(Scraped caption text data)

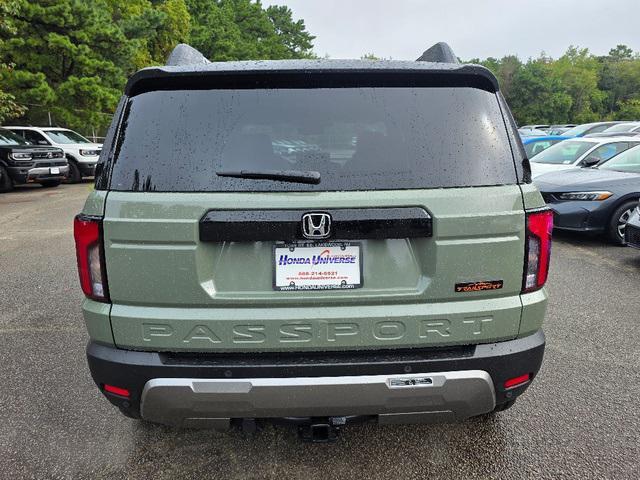 new 2026 Honda Passport car, priced at $54,400
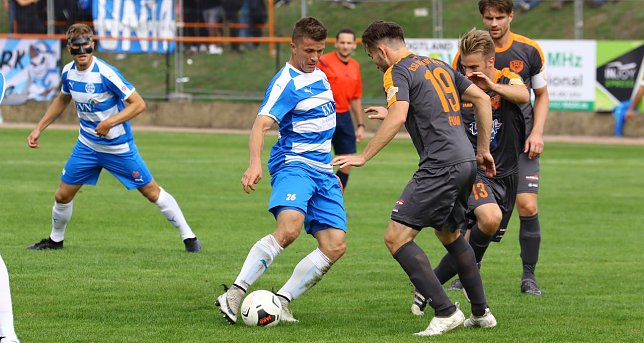 Bild: Wieder nur torlos nach 94 Minuten...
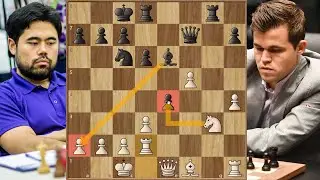 Nakamura VS Magnus | Chess
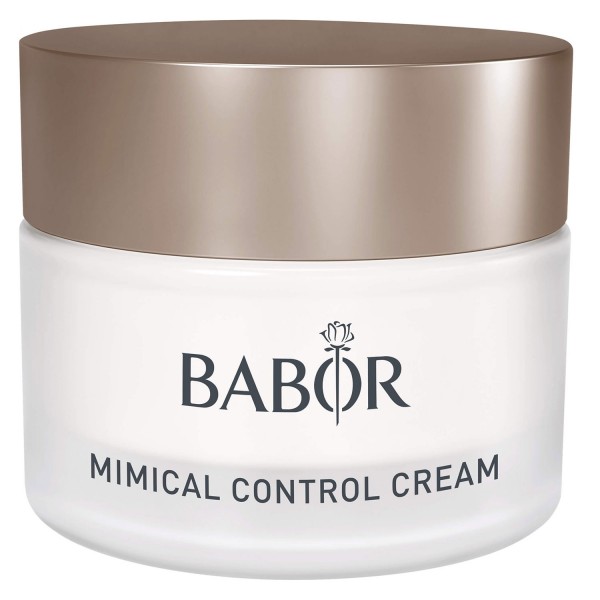 Image of BABOR CLASSICS - Mimical Control Cream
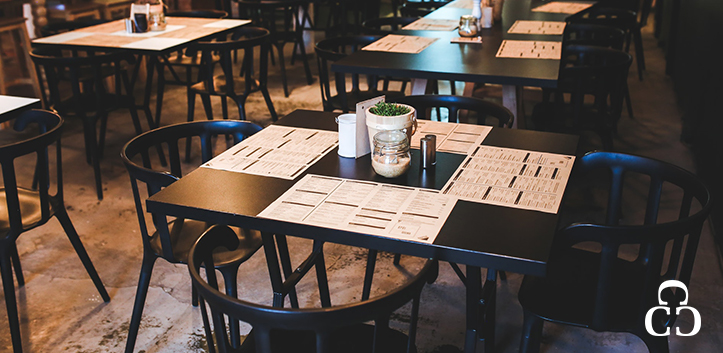 Why restaurants prefer concrete floors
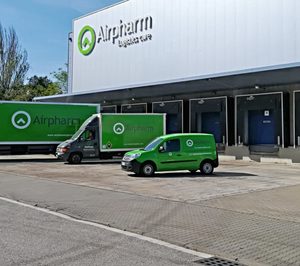 Airpharm mantiene el ritmo de crecimiento a doble dígito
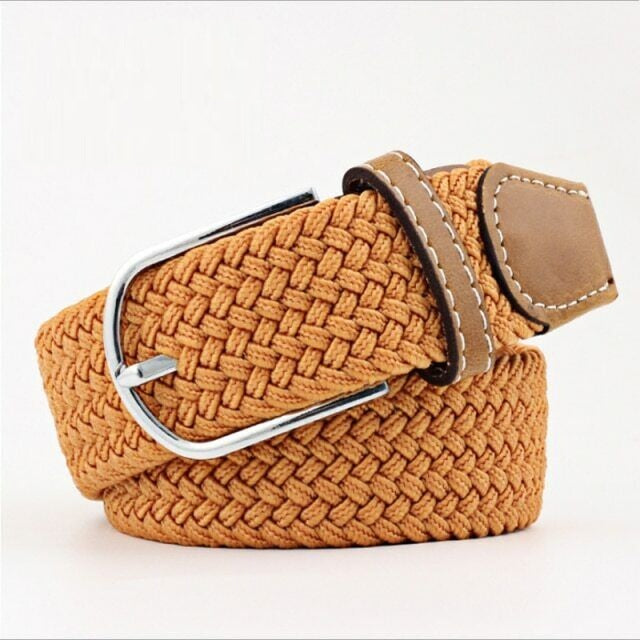 Knitted Buckle Belt – Comfort, Style & Character-42-State of Style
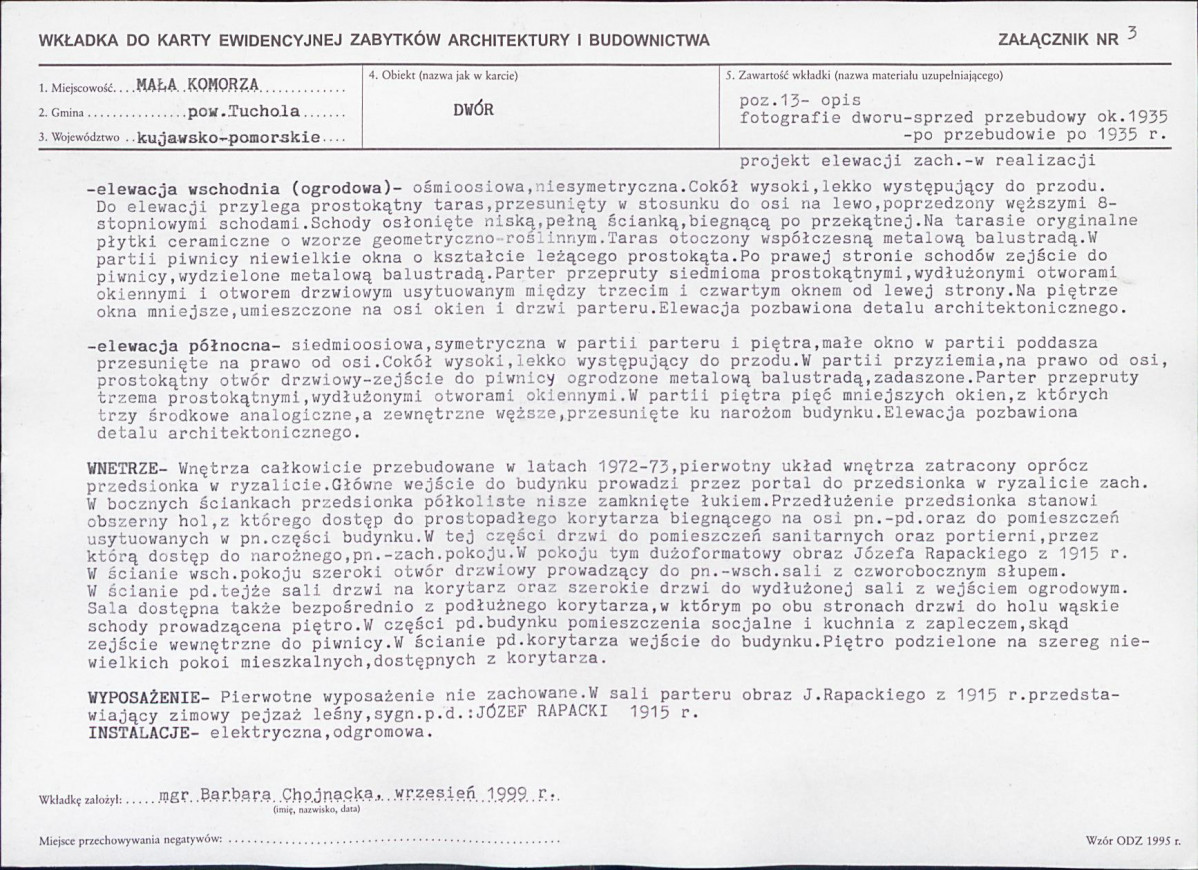 KB - Karta biała, skan nr 9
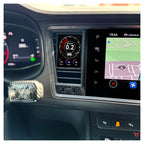 CANchecked - Display per Seat Cupra Ateca (5FP)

EXERCISE INSTRUCTIONS
Set down word for word every line from the line containing "Knitted Buckle Belt" through the last line of the entries, and nothing more; no pictures.

EXPECTED OUTPUT
 Knitted Buckle Belt – Comfort, Style & Character-42-State of Style
 KB - Karta biała, skan nr 9
 CANchecked - Display per Seat Cupra Ateca (5FP)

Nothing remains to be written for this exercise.